Ammonites, a type of extinct hard-shelled mollusk, fossilize into gemstones called ammolites, which are incorporated into jewelry and other decorative art. Ammolites are plentiful in fossil beds across Alberta, Saskatchewan, and Montana, which used to be covered by a Cretaceous ocean called the Bearpaw Sea.

Enchanted Designs, the company that found the fossils, were looking for these ancient shells at the mine. “As we were scraping, we found a big rock formation, a concretion that was very irregular,” mine manager Michael Shideler told Global News, describing the rock that contained the fossils.

The fossils, which include the skull and forebody of the mosasaur, were extracted and moved to the Royal Tyrrell Museum last week. “The recovery of the specimen was expedited by the staff and equipment of the mine and we are grateful for their help in excavating the fossil and delivering it to us,” Spivak said.

Over the coming months, the museum staff will study the remains and decide if they are in good enough condition for public display.

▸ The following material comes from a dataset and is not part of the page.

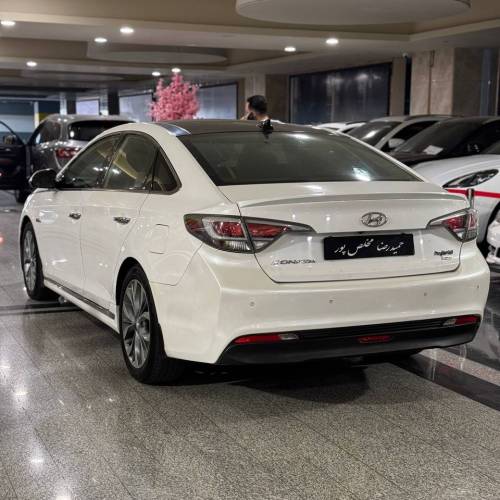هیوندای سوناتا LF مدل ۲۰۱۷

Either way, the mosasaur will remain part of the Tyrrell’s research collection for the foreseeable future, Spivak said.

The new specimen joins a separate mosasaur skeleton at the museum that was recovered from another ammonite mine near Lethbridge.

Mosasaurs have become more famous in recent years due to their supporting roles as beefed-up sea monsters in the Jurassic World franchise (real mosasaurs were not as large as the bulky beasts depicted in the movies).

The animals had another brush with Hollywood when actor Russell Crowe drunkenly bought a mosasaur skull from Leonardo DiCaprio about 10 years ago, according to his own accounting of the events. The skull, which Crowe said he purchased for his kids, was sold in 2018 as part of Sotheby's Australia’s “Russell Crowe: The Art of Divorce” sale.